(Work to be completed) A word-for-word copy of the data, pictures excluded, is what this task asks for.

(Source data)
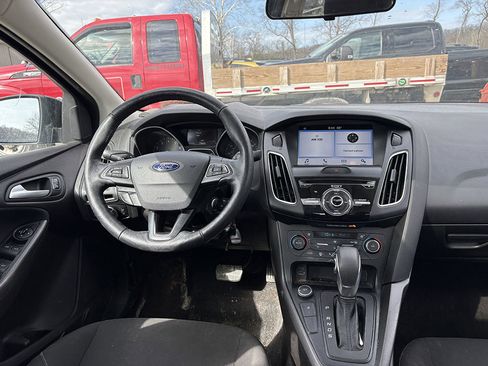 Used 2017 Ford Focus SEL w/ Cold Weather Package FWD image 5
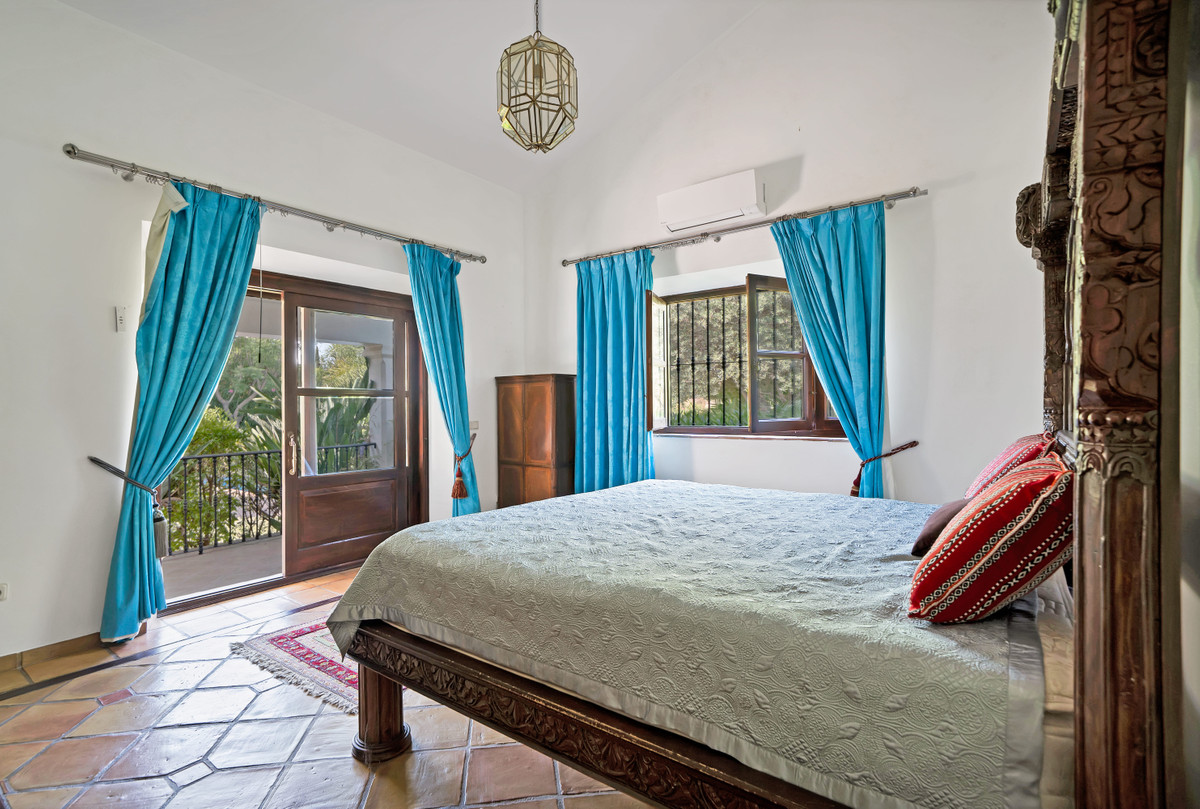 15-11d12f2f454f2f5e9b981fdd8b901d51-28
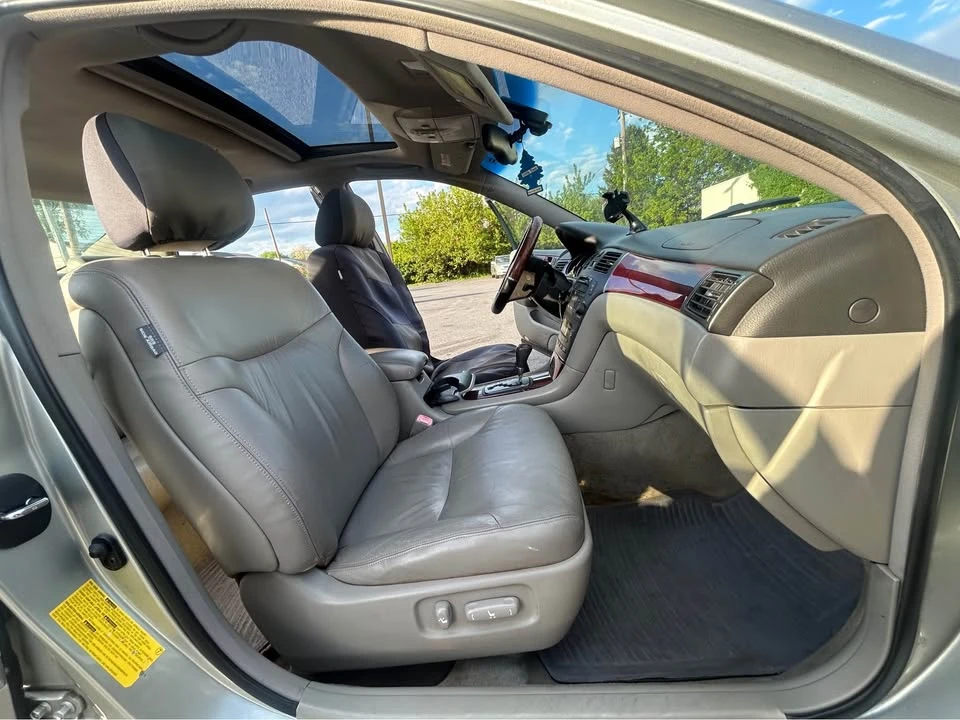 2004 Lexus ES 4th Gen - Image 9 of 13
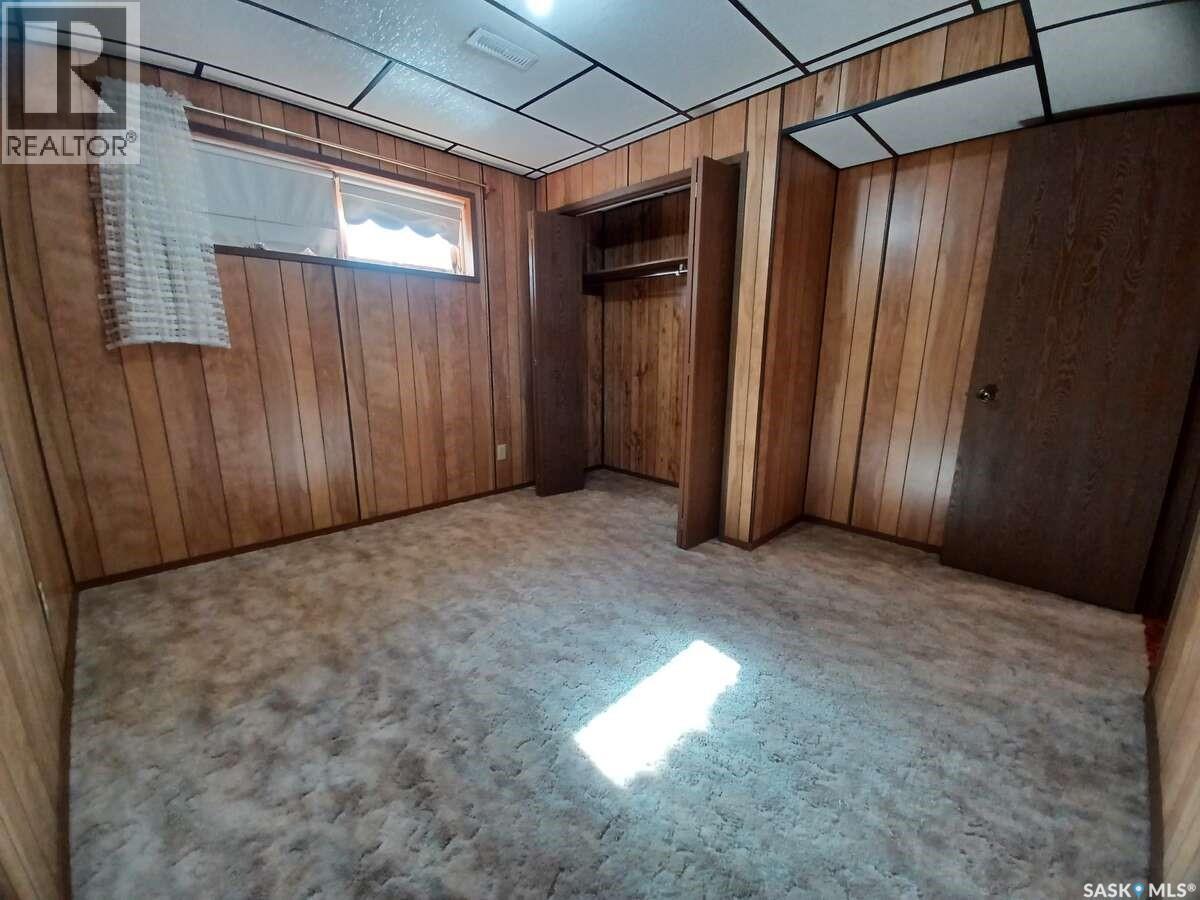 113 5Th Avenue, Gravelbourg, SK - Indoor Photo Showing Other Room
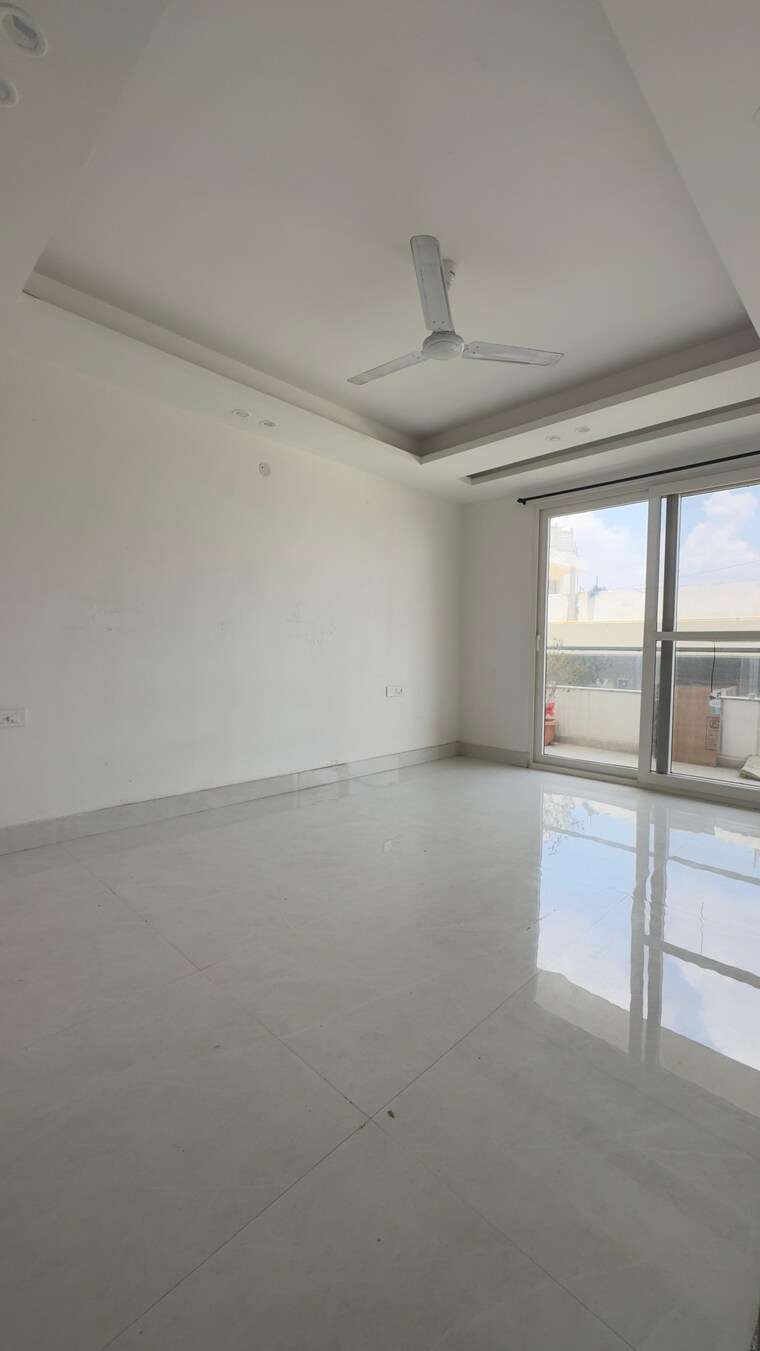 Room, palm-residency-chhatarpur 3 Bedroom 1500 Sq.Ft. Builder Floor In Chattarpur Delhi 9064071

(Solution)
 Used 2017 Ford Focus SEL w/ Cold Weather Package FWD image 5
 15-11d12f2f454f2f5e9b981fdd8b901d51-28
 2004 Lexus ES 4th Gen - Image 9 of 13
 113 5Th Avenue, Gravelbourg, SK - Indoor Photo Showing Other Room
 Room, palm-residency-chhatarpur 3 Bedroom 1500 Sq.Ft. Builder Floor In Chattarpur Delhi 9064071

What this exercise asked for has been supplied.